主にプロテスタントとカトリック教徒の人々は、聖書の教えを基本として、創造主からいただいたそれぞれ個人の自由意志を尊重した社会をこの新天地に作ろうとした。
文化も習慣も違う人々が一緒に暮らす多民族国家である。お互いに知恵を出し合い、話し合い、お互いの自由を尊重する国家としての憲法を作ったのだ。
自由とはその範囲内でのことで、他人の自由を侵害する行動をとればもちろん法に触れ、法廷で裁かれる。
勝手気ままに育った私は、いつも自分の自由意志を押し通そうとして、周囲との摩擦を起こしていた。それで日本を脱出して外国へ逃げてきたようなところもある。
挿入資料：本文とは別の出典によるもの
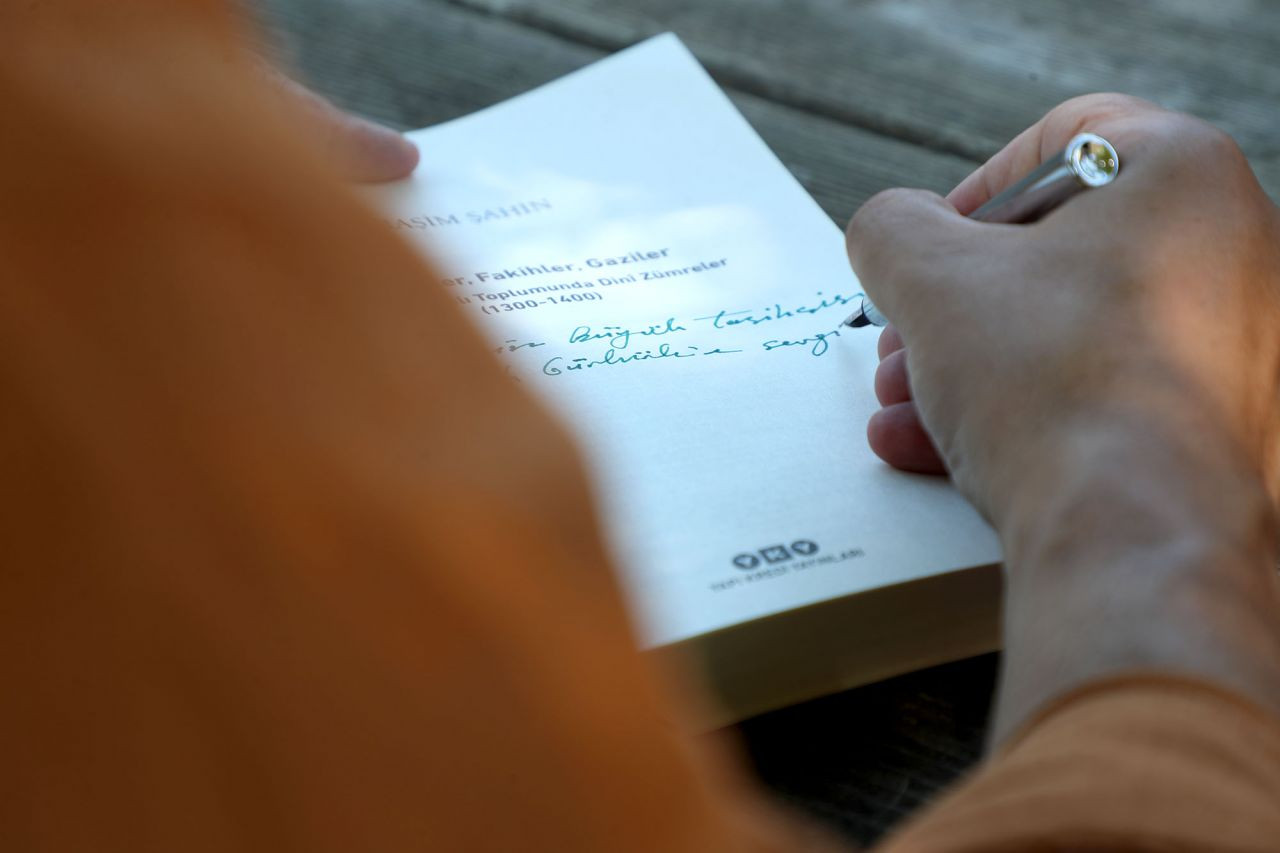 Tarihin içinden Genç Atölye ’ye veda - Sayfa 8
外国に来てしみじみわかったことは、自由意志の裏には、それに伴う行動に対する責任が付きまとう、ということだった。
つまり自分が決めたこと、やったことに対して、全責任を自分が負わなければならないのだ。他人を責めたり、言い逃れしたりすることはできないのである。
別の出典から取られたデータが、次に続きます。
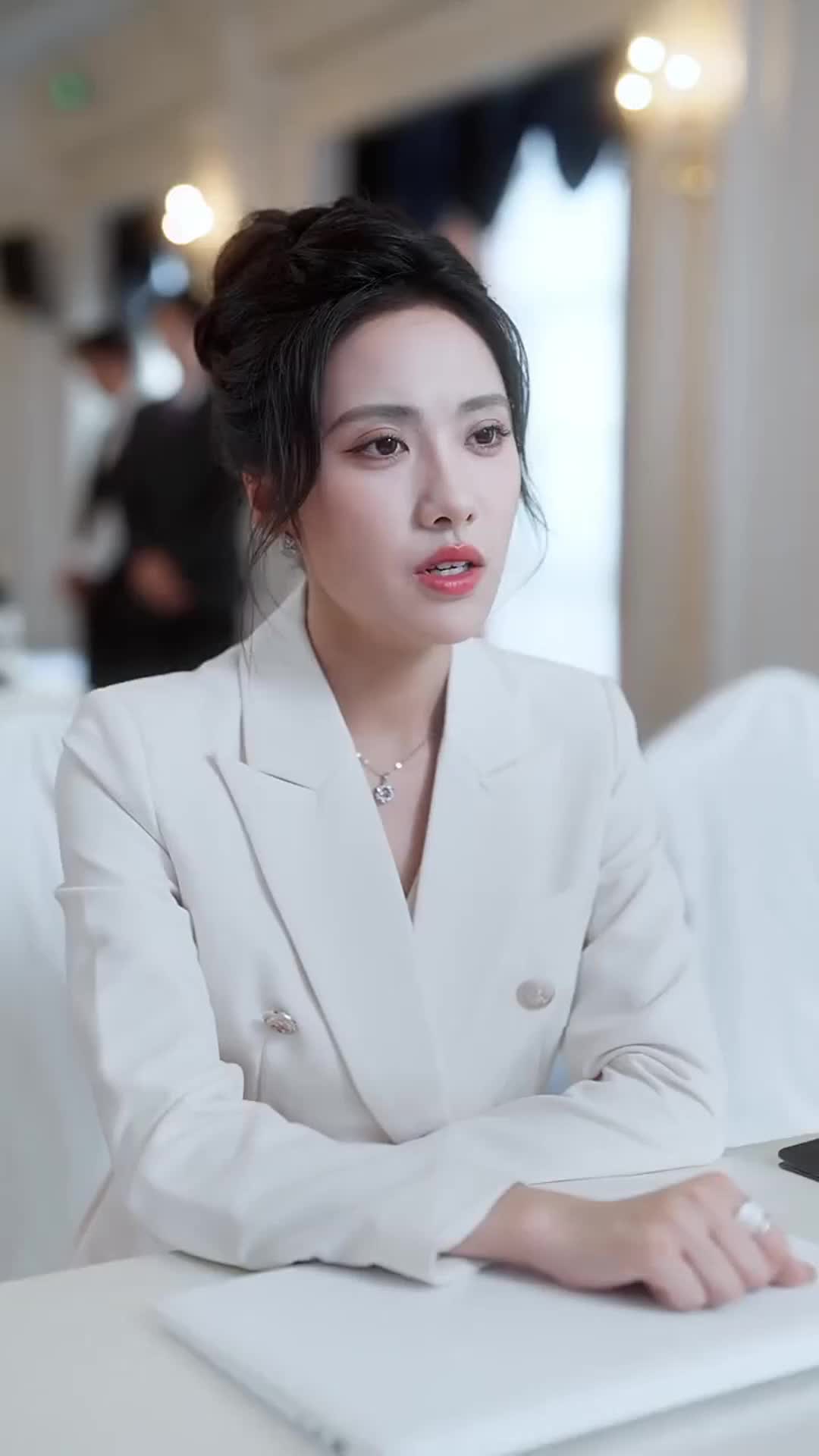 Episode 38 of Jerk Ex, You Missed a Real Heiress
厳しい社会だが、そうすると自分の行動の結果がよいか悪いか、すぐ結論が出るということでもあった。
それはすっきりとしていて、とても私の性には合っていた。
西欧の社会のあり方、個人の自由の意味、そしてデモクラシイの深い意味について、だんだん納得がいくようになってきた。
▲コマーシャルパイロット訓練中
このころの私はカナディアンプレスという新聞社に勤め、収入も週給から月給となり、
月に400ドル以上ももらえるようになった。
3月に入ると、そろそろコマーシャル・ライセンスのフライトテストの日が近づいてきたので、
私もかなり緊張していたときである。
3月10日、チーフパイロットのミラー氏と模擬テストをする予定だった。
朝5時前に目がさめ、お風呂場で窓の外を見ながら、何となく父のことが思い出された。2年前に帰国したとき、父自身が「あと2年くらいの命だろう」と言っていたこと……。
7時になって電話が鳴り、母が取り乱した声で父の急死を知らせてきた。
その日、ともかく模擬テストを受けたものの、心身ともに宙に浮いているような状態だった。いそいで日本に帰らなければならない。
私が突然帰国しなければならないことを知ると、サンディ君は、
「日本に帰る前に僕と結婚して欲しい」
と言い出した。
私にとって、彼との結婚は、ずっと決めかねていた問題であった。私は彼との年令が離れすぎていると思っていたのだ。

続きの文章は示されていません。